Records

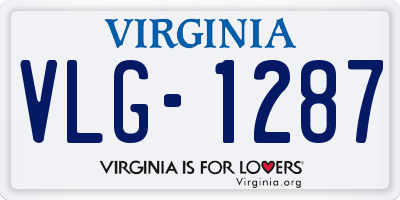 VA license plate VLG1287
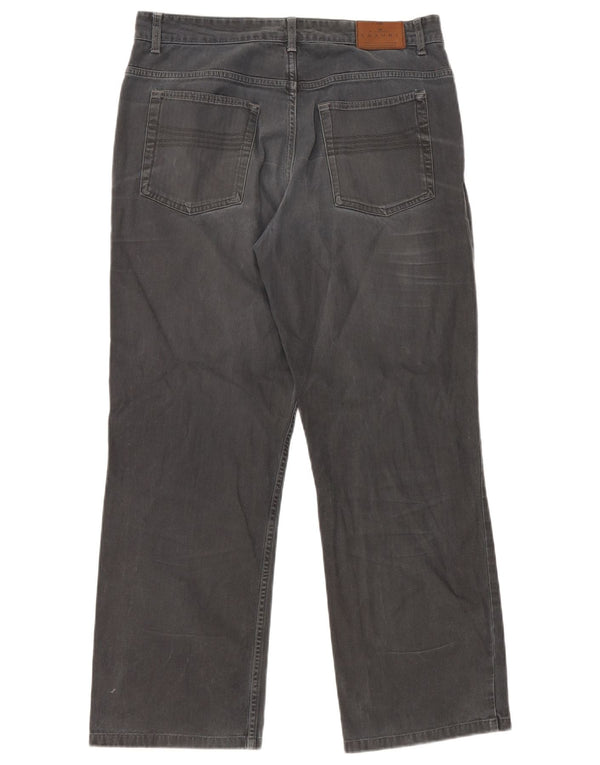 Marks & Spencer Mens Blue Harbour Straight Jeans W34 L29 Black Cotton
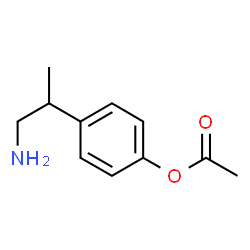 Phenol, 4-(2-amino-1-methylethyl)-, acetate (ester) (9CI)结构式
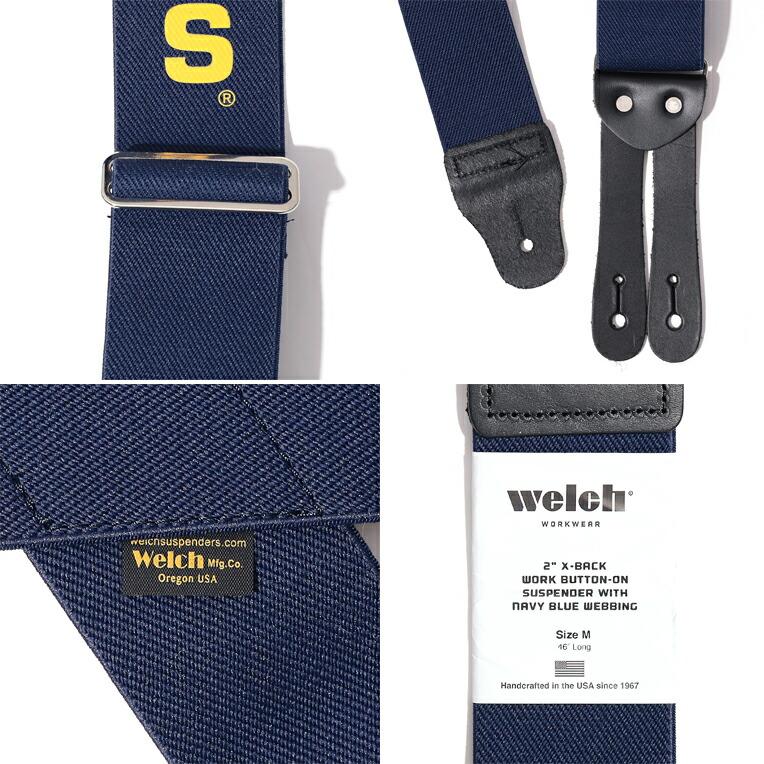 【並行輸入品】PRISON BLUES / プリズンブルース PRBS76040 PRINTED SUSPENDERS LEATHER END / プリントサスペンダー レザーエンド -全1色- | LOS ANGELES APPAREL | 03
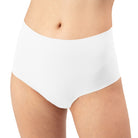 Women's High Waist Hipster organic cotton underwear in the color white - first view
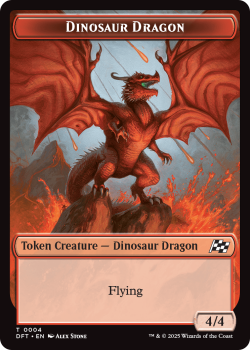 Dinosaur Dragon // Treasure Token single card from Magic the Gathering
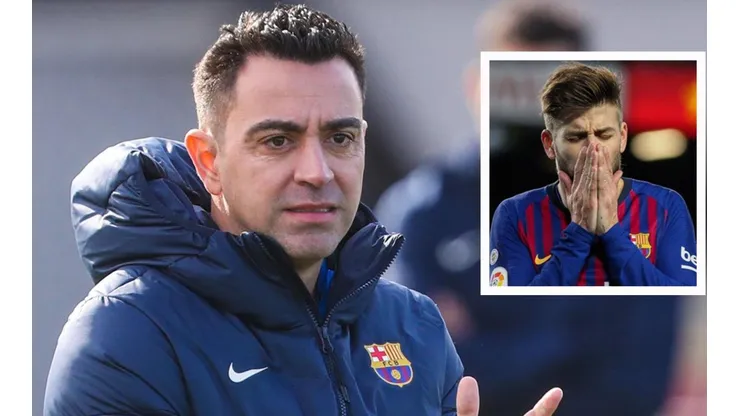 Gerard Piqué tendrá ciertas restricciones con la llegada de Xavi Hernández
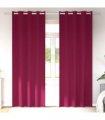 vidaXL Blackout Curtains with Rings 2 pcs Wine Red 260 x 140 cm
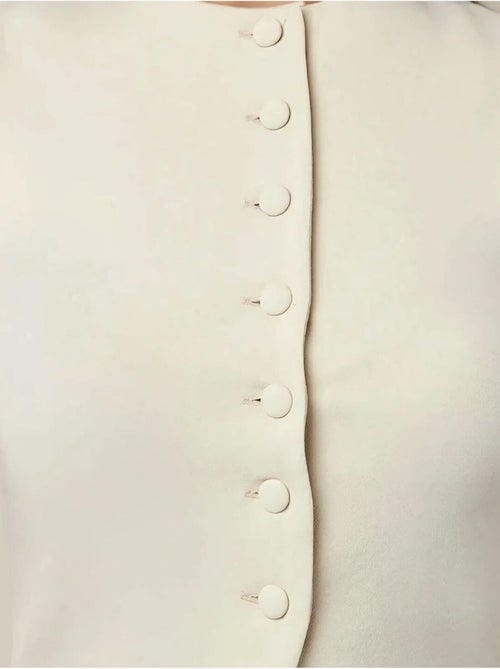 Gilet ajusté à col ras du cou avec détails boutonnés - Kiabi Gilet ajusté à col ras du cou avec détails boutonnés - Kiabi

Task prompt
Needed here is only the span from the line with "vidaXL Blackout Curtains" through the last line of the entries, copied exactly with both ends and without pictures.

Answer for the task
 vidaXL Blackout Curtains with Rings 2 pcs Wine Red 260 x 140 cm
 Gilet ajusté à col ras du cou avec détails boutonnés - Kiabi Gilet ajusté à col ras du cou avec détails boutonnés - Kiabi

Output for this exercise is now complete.